願うのは、君の笑顔


コンコンコン、


短いノック音が三回。
彼女の部屋に入る時は、決まってこの回数を叩くとペンギンは決めていた。理由なんて特に無い。ただ、いつかの日にレキから「ペンギンってすぐ分かる」と言われた時から、決まってこの回数を叩く様にしている気がする。



(いない?)



いくら待っても返事が無い。
レキが海に落ちたのはもう昨日のことで、今日の昼には自分の部屋に戻っているはずだった。しかし夕食の時間になっても姿を現さず、ローに言われてこうしてペンギンが様子を見にきたのである。

何故ローが自分を行かせたのかと言えば、仕事を言い訳に見舞ってやらないことに気付いていたからだろうか。

意図して避けていたわけではない。ただ元気になって起き出してきたら声をかけようと思っていたペンギンは、それでも足早にこの部屋の前にやってきていた。



気にならなかったわけじゃなかった。しかしレキの隣にはローがいて、それならば自分が行くべきではないと思ったのだ。



「レキ、いないのか?開けるぞ」



もしや容態が急変しているのではないかという嫌な予感もあり、ペンギンはドアノブを握り急くような気持ちで扉を開いた。

廊下から差し込む光が室内に細く白いラインを引く。ぼんやりと浮かび上がる室内の様子に、ペンギンは今しがたの自分の考えが杞憂であることに息をついた。



後ろ手に静かにドアを閉める。
再び薄暗闇に包まれた室内。そして窓からの星明かりに浮かぶベッドからは、規則正しい寝息が聞こえた。

音をたてないようにそっとベッドに近寄ったペンギンは、気持ち良さそうに寝息を立てているレキが、その手の横に何かを抱くかのように眠っていることに気付いた。



「、……」



そこにあったのは、オフホワイトの小さな箱。そして自分が彼女にやった瑠璃色の瓶だった。

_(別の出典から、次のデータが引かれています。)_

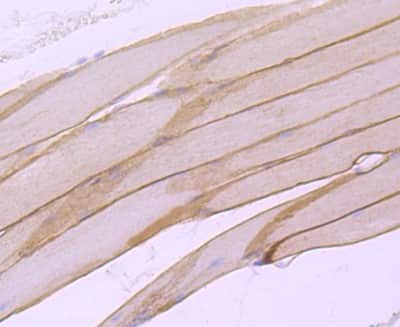 Immunohistochemistry-Paraffin: alpha-Sarcoglycan Antibody (JA51-81) [NBP2-67150]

中身は少し減っていて、瓶の丸みに合わせて傾いている。きっと転がせばその中で波のように揺れるのだろう。

それを見ながら寝てしまったのかと思うと、何故かじんわりと胸が熱くなる。ペンギンはその思いのまま、レキの額に手を添え、そのままさらさらと落ちる髪を撫でた。

相変わらずこんなことでは起きる様子の無いレキは、少しだけもぞもぞと身動ぎをしただけだった。



「無事で良かった……」



見た限りどこにも外傷はないし、熱も無い。思わず溢れた言葉は偽ることの無い本心で、やけに情けない声だった。




しばらくレキの髪を撫でていたペンギンだったが、ふと、彼女の耳元にキラリと光るものを見つけた。

そっと髪を避けると、そこには蒼色の石と星が細工されているピアスが僅かな明かりに照られて光っている。

星はレキが好きなものの一つ。ピンクゴールドで作られたピアスは、色の白いレキによく似合っていた。


レキはピアスやネックレスといった、普通なら女性が好むようなものを持っていない。いつか、彼女がネイビーのワンピースを着ていた時も、そんなものを持っていたんだなと思ったくらいだ。

ペンギンは、今、レキが大事そうに抱いているオフホワイトの箱とピアスとに交互に視線を向け、口許を僅かに綻ばせた。



「良かったな」



きっと次に起きたとき、レキは笑っているだろう。恥ずかしそうにしながらも、大事そうにそのピアスにふれながら。

そうだと良い。

髪に触れていた手を、ゆっくりと下ろして頬に触れる。その温かさに何度目かの安堵を漏らした。



「おやすみ、レキ」



瓶と箱をサイドデスクに移動させ、そう一言だけ呟くと、ペンギンはベッドを離れた。